▶ [DATA EXCERPT]
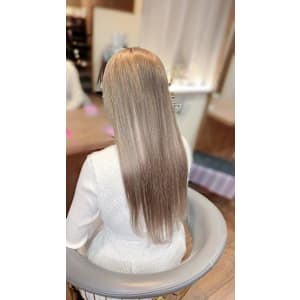 パールベージュで秋カラー！ - Bulansis Hair【ブランシス ヘアー】掲載中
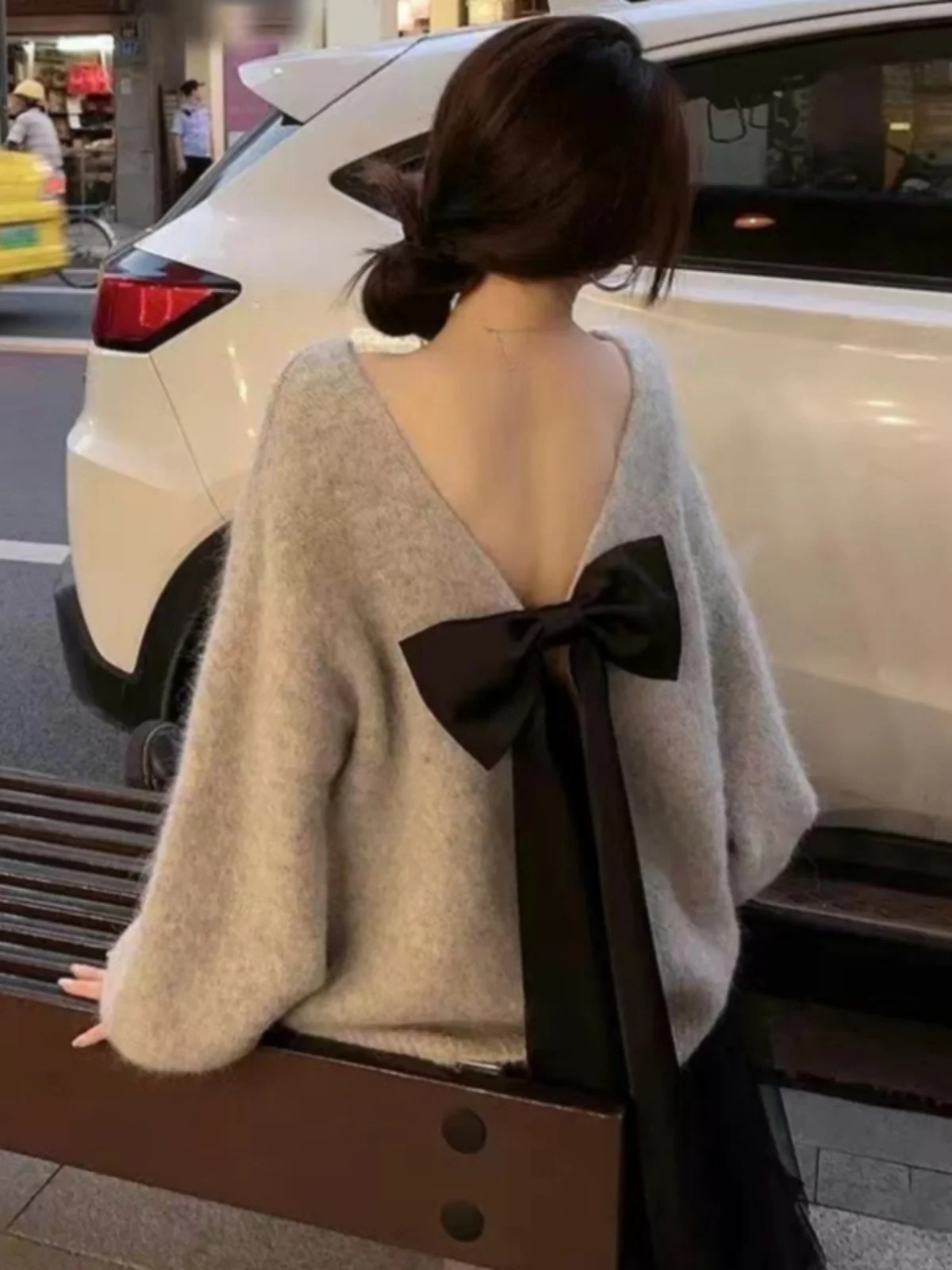 セクシーなバルロングスリーブニットセーター、レディースルーズレイジーオーバーヘッドデザイン、官能的な結び目、春と秋のトップス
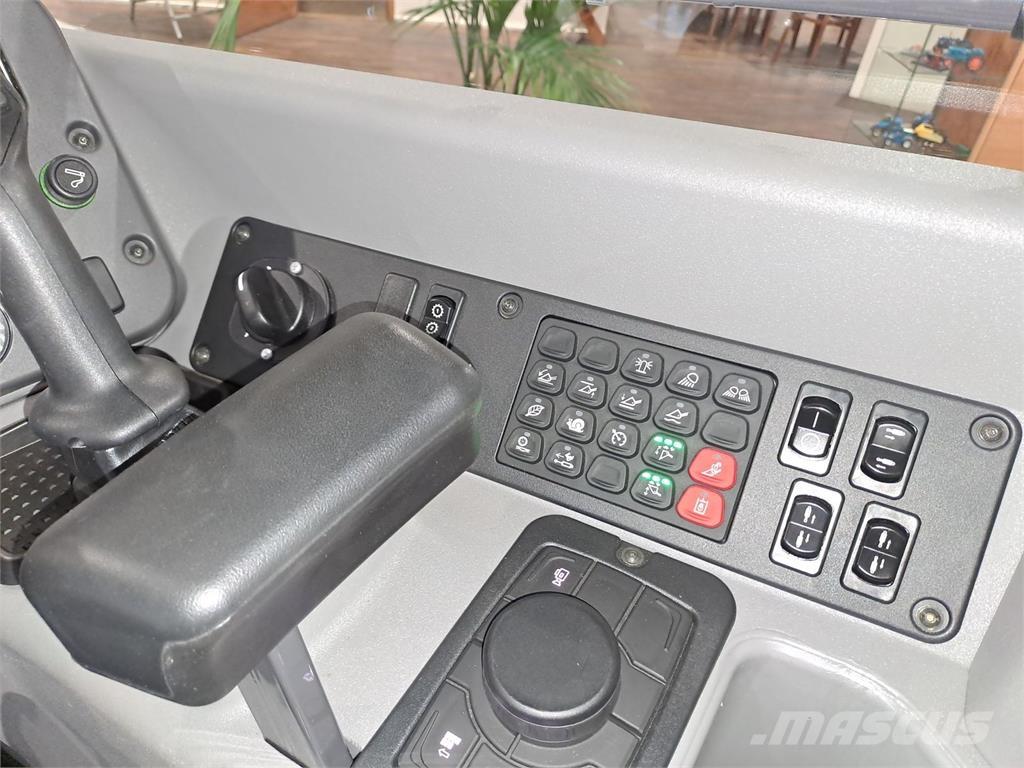 New Holland W 80 C Kolesové nakladače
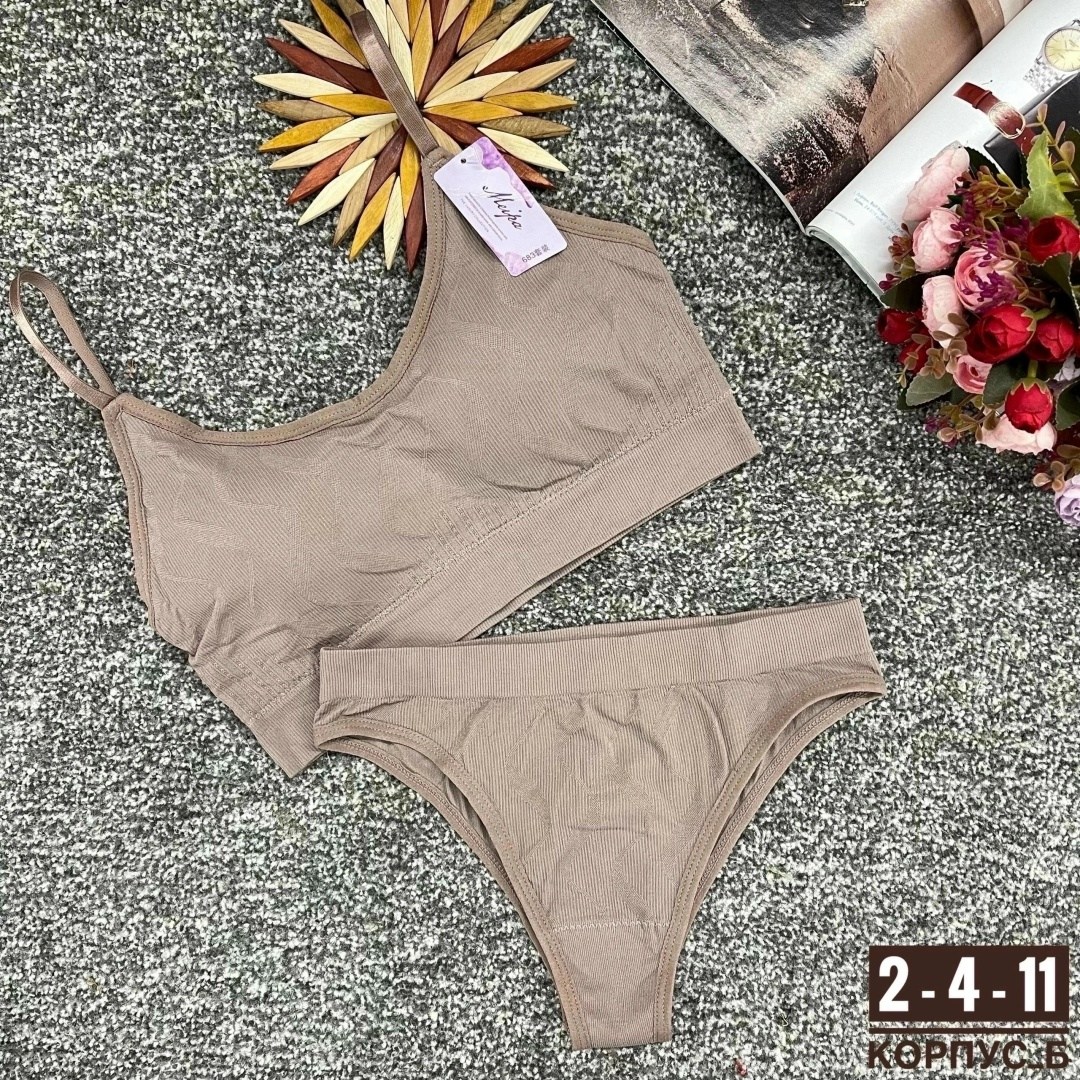 комплект женского нижнего белья,комплект нижнего белья,нижнее белье комплект топ трусы женское,женский топ нижнее белье,женская нижнее белье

▶ [YOUR GOAL]
Print every line above exactly as given, but not the pictures.

▶ [ANSWER TO THIS PROBLEM]
 パールベージュで秋カラー！ - Bulansis Hair【ブランシス ヘアー】掲載中
 セクシーなバルロングスリーブニットセーター、レディースルーズレイジーオーバーヘッドデザイン、官能的な結び目、春と秋のトップス
 New Holland W 80 C Kolesové nakladače
 комплект женского нижнего белья,комплект нижнего белья,нижнее белье комплект топ трусы женское,женский топ нижнее белье,женская нижнее белье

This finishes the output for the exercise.